The input ->
---
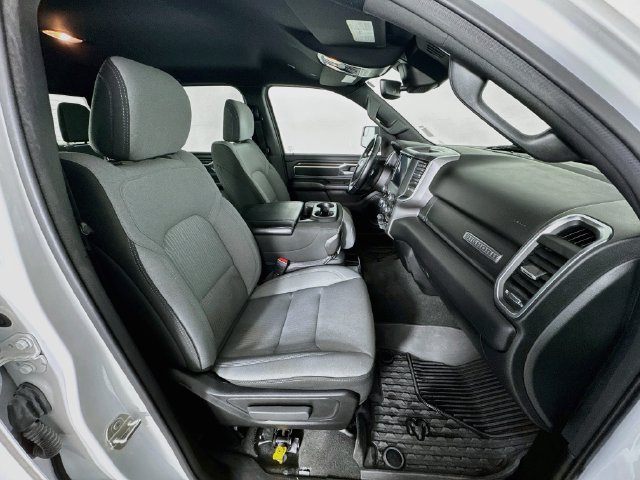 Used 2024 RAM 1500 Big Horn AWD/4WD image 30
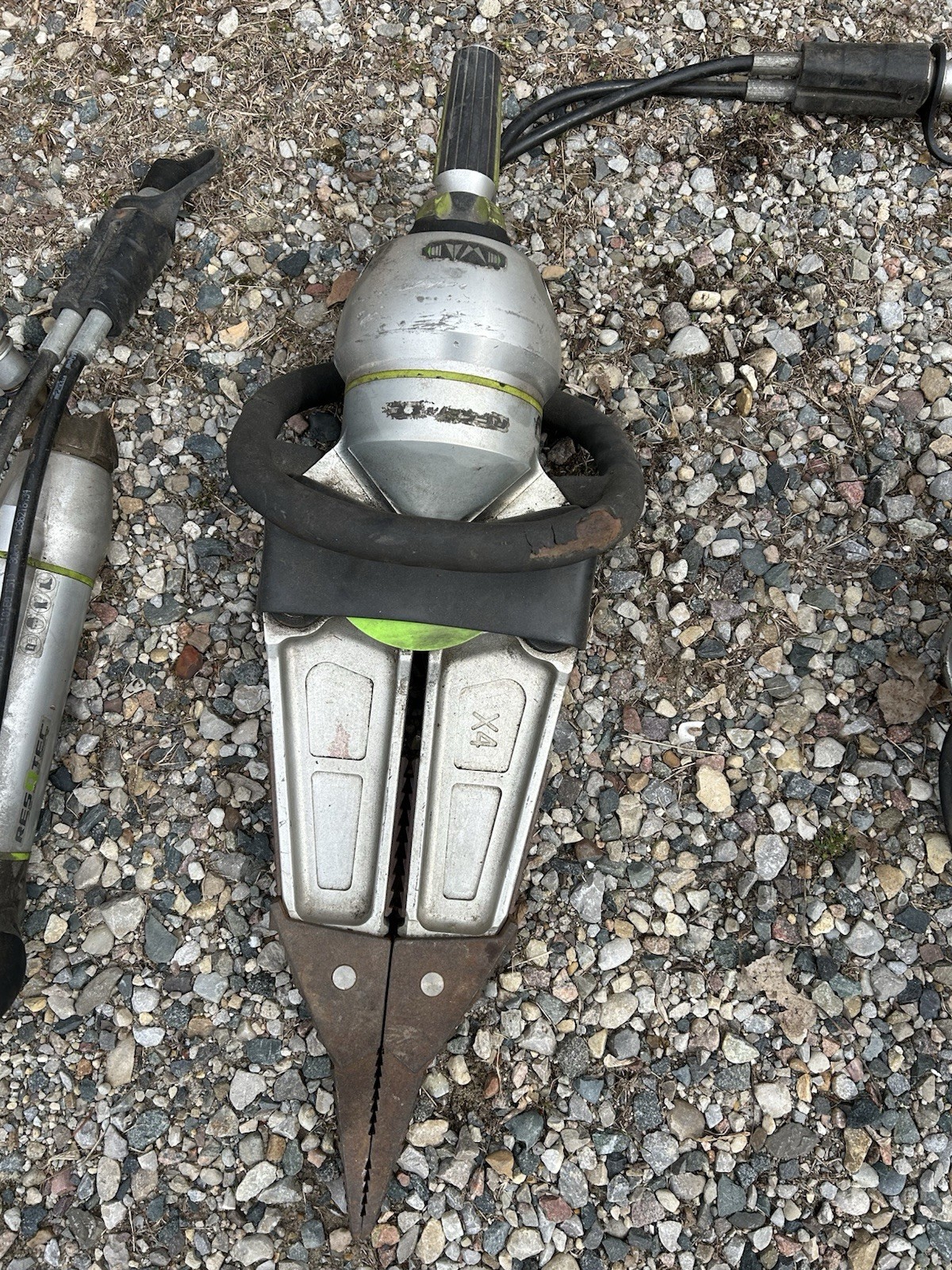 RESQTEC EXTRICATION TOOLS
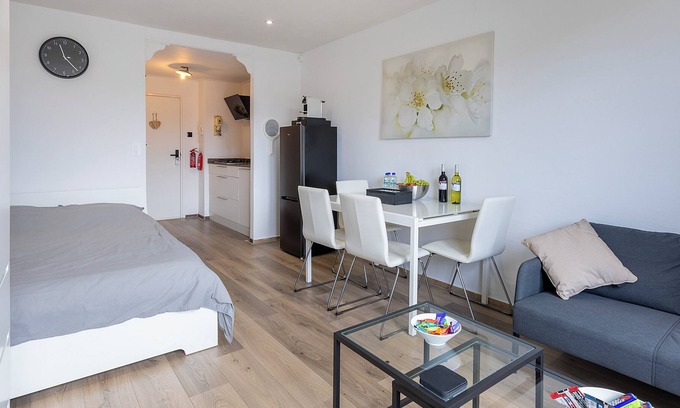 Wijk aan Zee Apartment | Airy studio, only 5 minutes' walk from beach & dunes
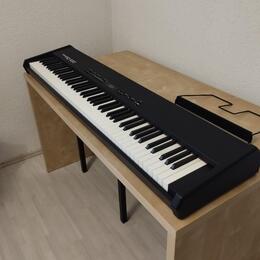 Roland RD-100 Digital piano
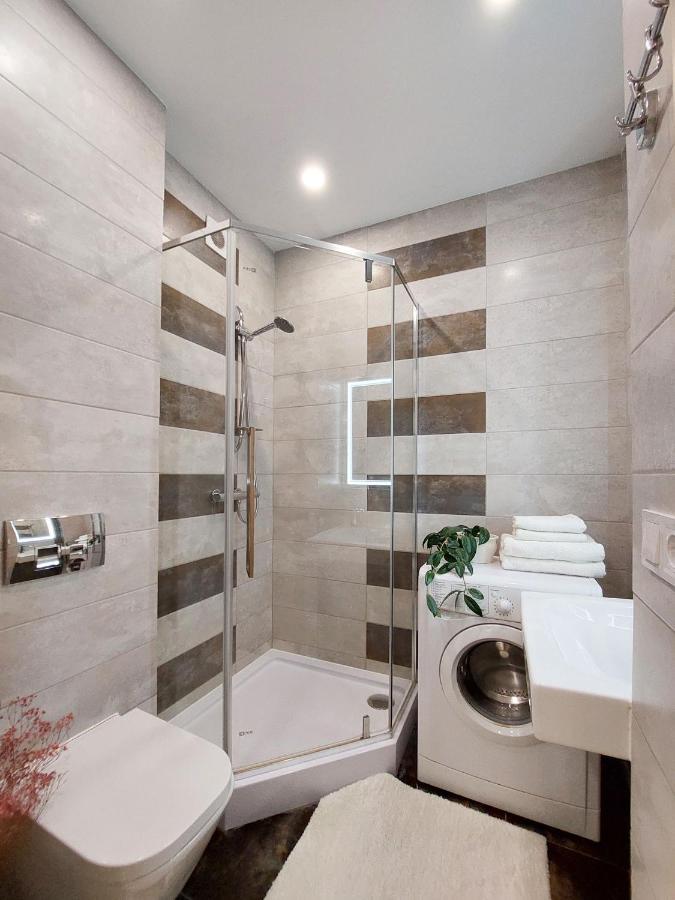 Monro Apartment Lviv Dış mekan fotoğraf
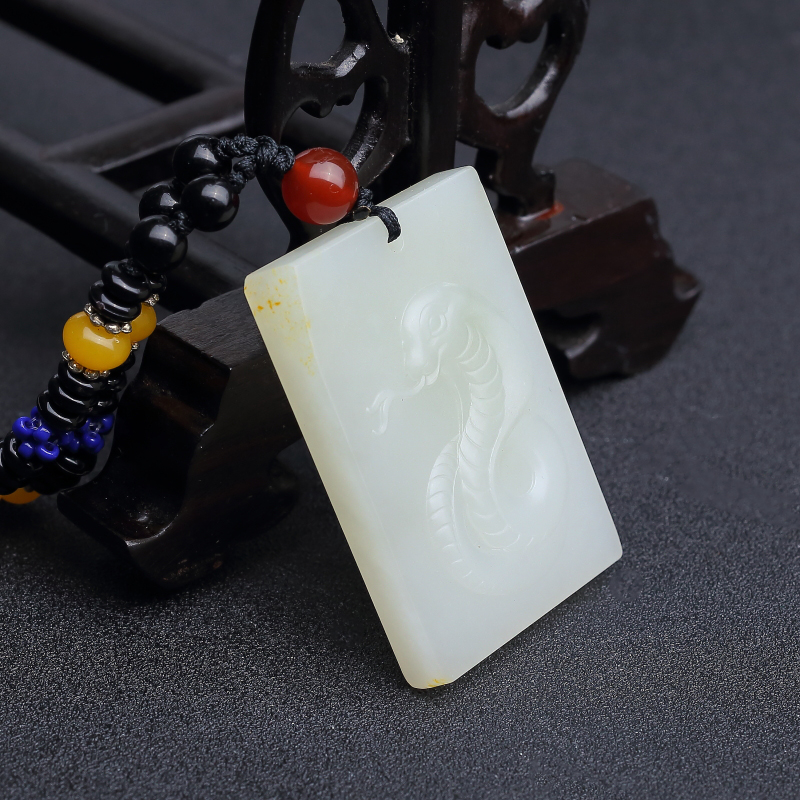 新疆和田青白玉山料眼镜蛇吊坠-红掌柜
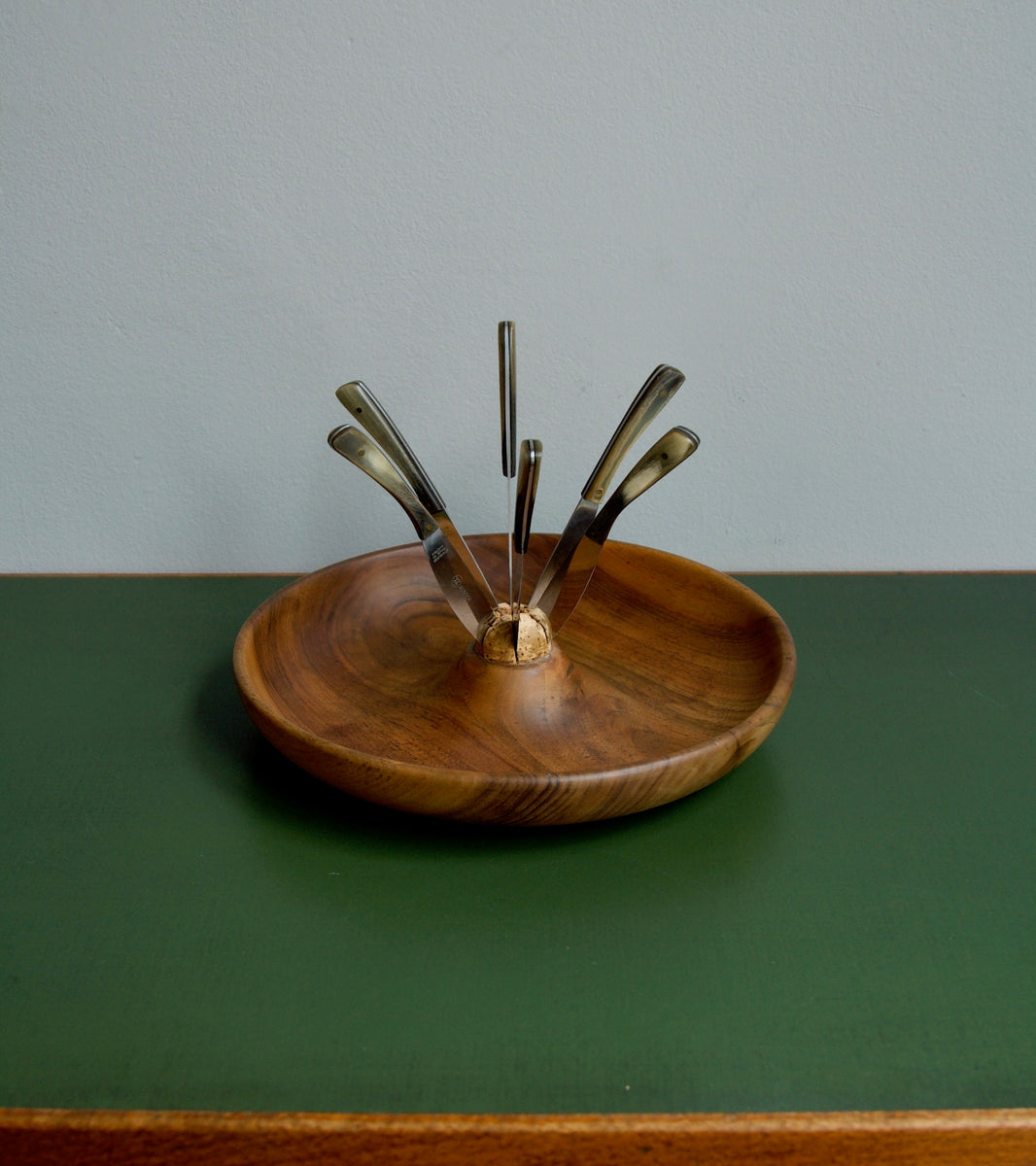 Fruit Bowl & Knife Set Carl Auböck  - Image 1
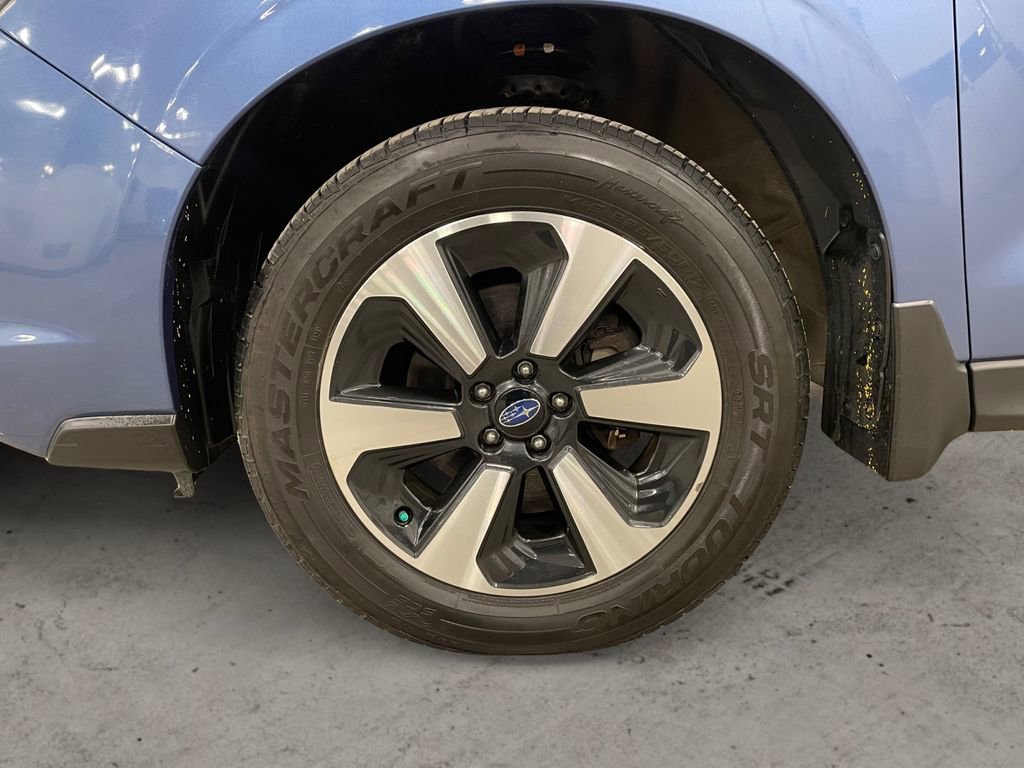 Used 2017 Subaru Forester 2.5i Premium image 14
---
Action item -> Without any pictures, retype the records above exactly.

Answer to this task ->
 Used 2024 RAM 1500 Big Horn AWD/4WD image 30
 RESQTEC EXTRICATION TOOLS
 Wijk aan Zee Apartment | Airy studio, only 5 minutes' walk from beach & dunes
 Roland RD-100 Digital piano
 Monro Apartment Lviv Dış mekan fotoğraf
 新疆和田青白玉山料眼镜蛇吊坠-红掌柜
 Fruit Bowl & Knife Set Carl Auböck  - Image 1
 Used 2017 Subaru Forester 2.5i Premium image 14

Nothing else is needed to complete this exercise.